Tuesday, 4 November 2014

Of course it's prohibition, you fool

You know all those anti-smoking campaigners who insist that they don't want tobacco to be made illegal, they just want smoking to be banned in planes/restaurants/bars/parks/beaches? The people who say that they don't care if people smoke, they just don't want to breathe it/see it/pay for NHS costs? People like those lovely folk at ASH who "do not attack smokers or condemn smoking".

They must all be secretly delighted absolutely outraged today because it turns out—hold onto your hats!—that the anti-smoking campaign is actually a prohibitionist crusade. Who could have guessed?

From the Tobakko Kontrol blog:

In 2012 we reported that Tasmania was leading the way towards an endgame for smoking, by developing mechanisms for implementing the Tobacco Free Generation proposal (TFG). 

 I love all their little euphemisms for prohibition. "Endgame". "Tobacco Free Generation".

Those who are familiar with the Tobacco Free Generation proposal by Professor Jon Berrick and his colleagues, will be aware that the tobacco-free generation proposal advocates legislation precluding the sale and supply of tobacco to individuals born after the year 2000.

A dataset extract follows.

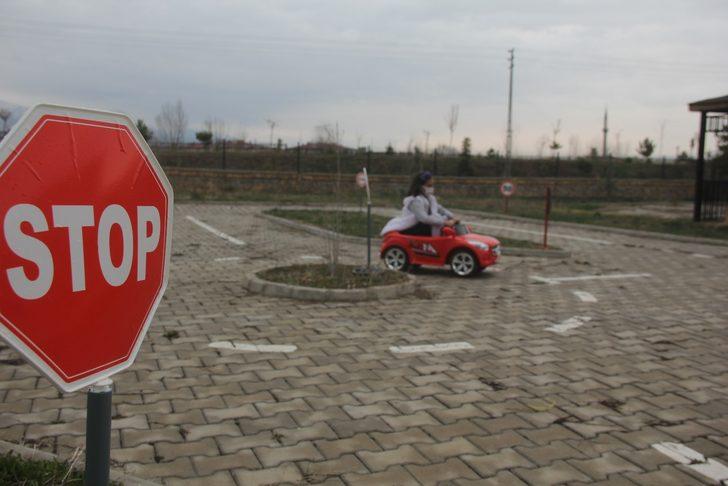 Minik öğrenciler akülü arabalar ile uygulamalı trafik eğitimi alıyor G4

This is the boiling frog version of prohibition in which people who are old enough to vote get to ban people who are not old enough to vote from ever buying cigarettes legally. There's a short window of opportunity for this gimmick. They really need to do it before 2018, otherwise even stupid people are going to notice that they are relieving adults of their right to choose.

Some nutter in Tasmania's Upper House is having a stab at making the dream real with a private member's bill (how very democratic).

If passed, the law would come into effect in 2018 and over time the sales of cigarettes and other tobacco products would be gradually phased out. 

That's the plan. Here comes the spin...

It is important to emphasise that smokers would not be criminalised or penalised. It is the commercial sales of cigarettes that would be phased out over the next forty years, and only the sellers would be subject to penalties. 
 
Do they really think they can get away with this pathetic subterfuge? Why can't they, at this late hour, finally man up and admit that they want smoking banned, they always wanted smoking banned and their 'endgame' is about banning smoking?

The tobacco industry have tried to paint this proposal as “prohibition” and argue that black markets will emerge, and compared it to alcohol prohibition in the USA in the 1930s.

Heaven forbid that anyone should infer that "legislation precluding the sale and supply of tobacco to individuals" amounts to prohibition!

Firstly, the fact that "only sellers would be subject to penalties" does not make the "endgame" different or more liberal than prohibition. Only sellers were subject to penalties under Prohibition (which, by the way, was mainly in the 1920s, not the 1930s). It was never illegal to drink, nor was it illegal to possess alcohol. The only difference between Tasmania's "endgame" and Prohibition is that it does not ban the manufacture of tobacco, meaning that it will be retailers rather than the hated Big Tobacco that will be in the firing line.

Secondly, Bhutan recently experimented with a more comprehensive endgame strategy and it didn't work out too well.

Thirdly, it would be a miracle if "black markets" did not "emerge". Not only are black markets inevitable whenever the laws prohibits the sale of products for which there is demand, but the ludicrous endgame strategy means that the only criteria you'll need to become a black marketeer will be a year-of-birth that begins '19'. No need to make contact with the underworld. Just pop to the shops, stock up, and hit the street. Only a gurning fanatic could fail to predict that in the year 2025, for example, there will be a booming trade in 26 year olds selling cigarettes to 24 year olds. And if you find yourself in the inter-generational illicit trade, why not start selling to 15 year olds as well?

Finally, it is no business of the government if a 23 year old wants to buy a pack of cigarettes in ten years time. Not in Tasmania. Not anywhere. No, not even a little bit. Call off your dogs you prohibitionist scum.